#### [Instructions to follow]
Locate the line containing "Parc Sovereign Hotel Tyrwhitt" in the material below. Copy that line and all following lines through the end exactly, omitting any pictures.

○ ○ ○ ○ ○ ○ ○

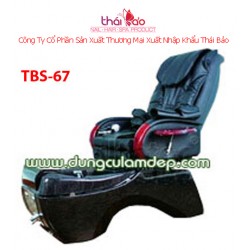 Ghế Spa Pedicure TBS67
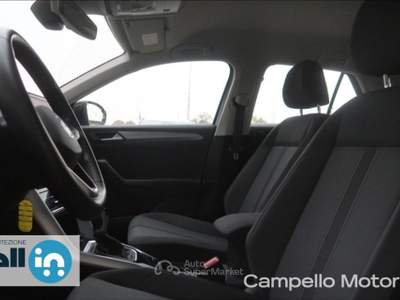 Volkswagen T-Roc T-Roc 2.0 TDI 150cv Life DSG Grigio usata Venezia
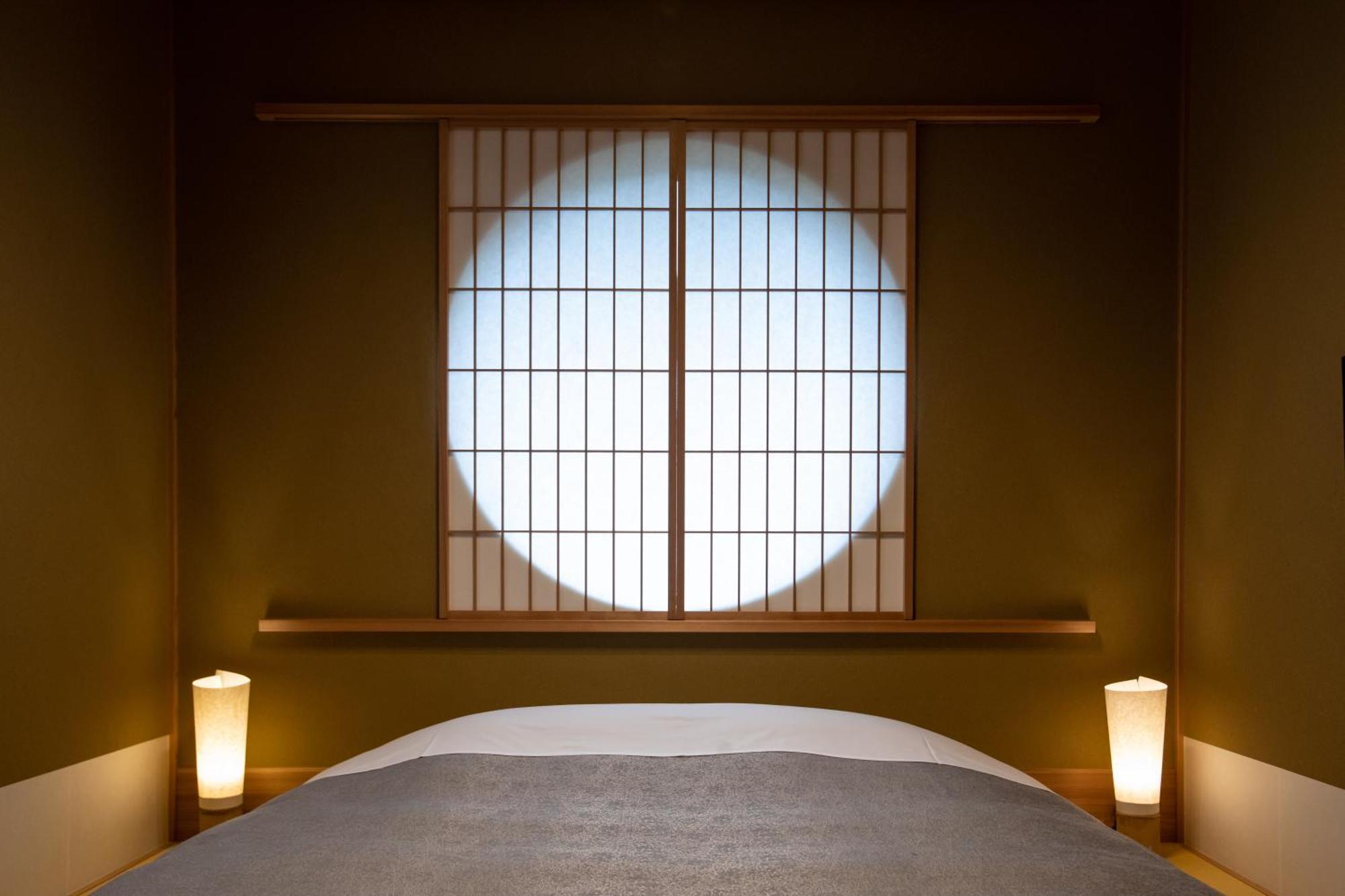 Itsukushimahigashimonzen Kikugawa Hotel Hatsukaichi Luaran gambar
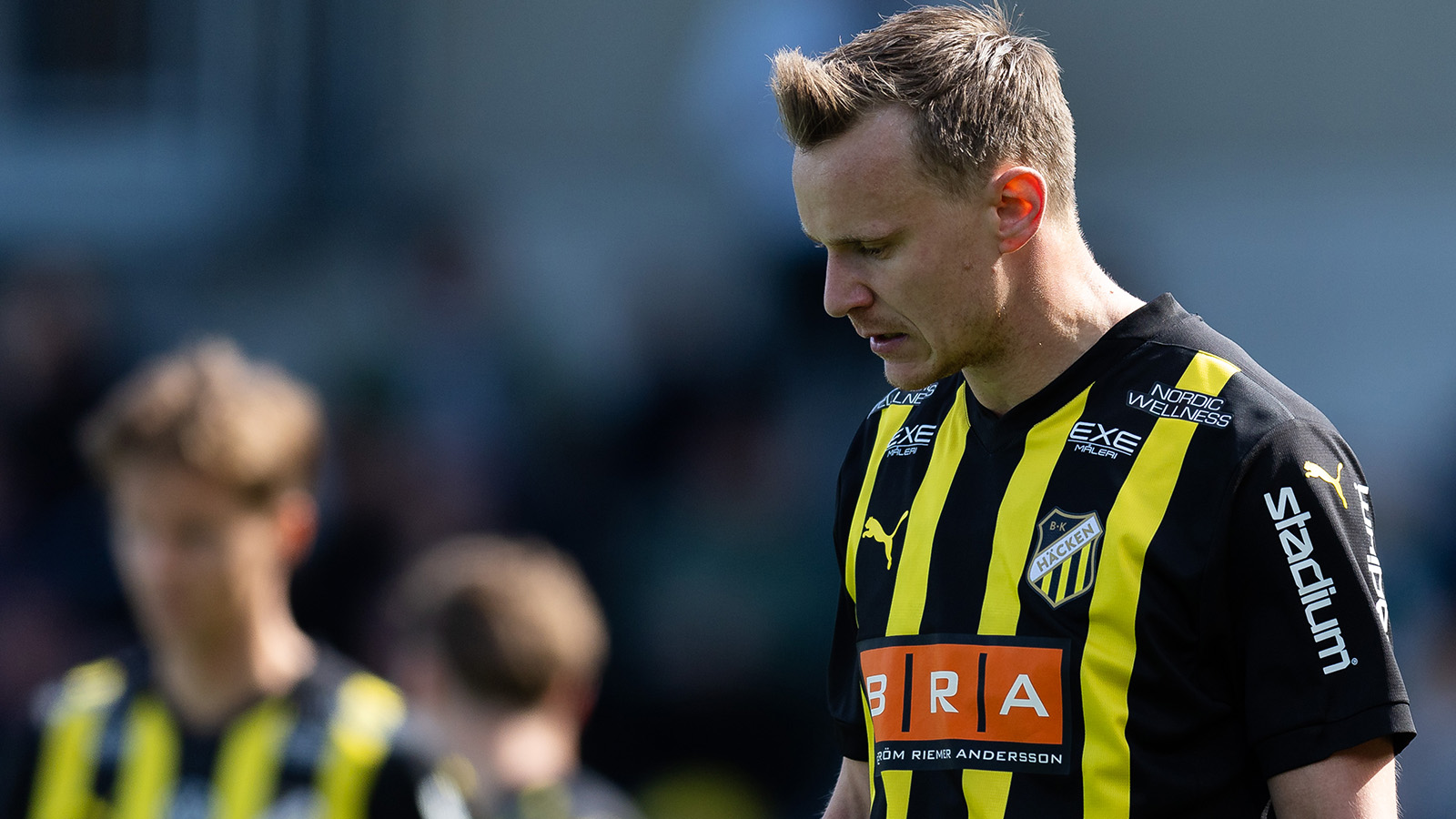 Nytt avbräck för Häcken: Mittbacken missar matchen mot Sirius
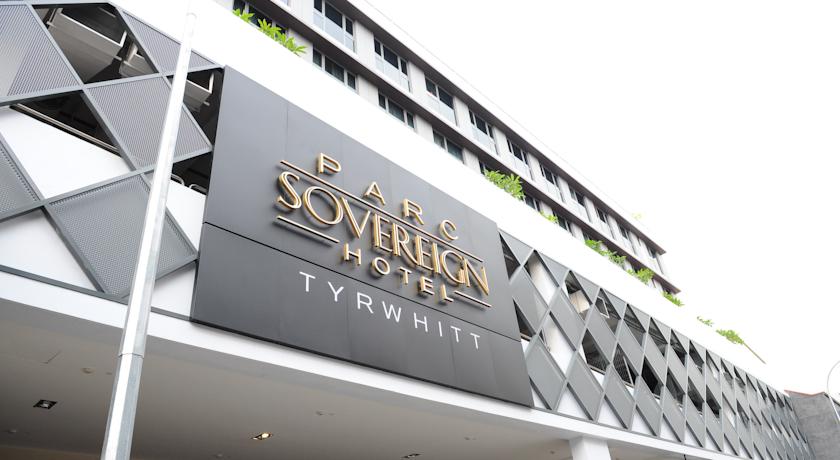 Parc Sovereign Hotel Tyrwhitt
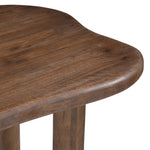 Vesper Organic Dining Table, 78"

○ ○ ○ ○ ○ ○ ○

#### [Exercise result]
 Parc Sovereign Hotel Tyrwhitt
 Vesper Organic Dining Table, 78"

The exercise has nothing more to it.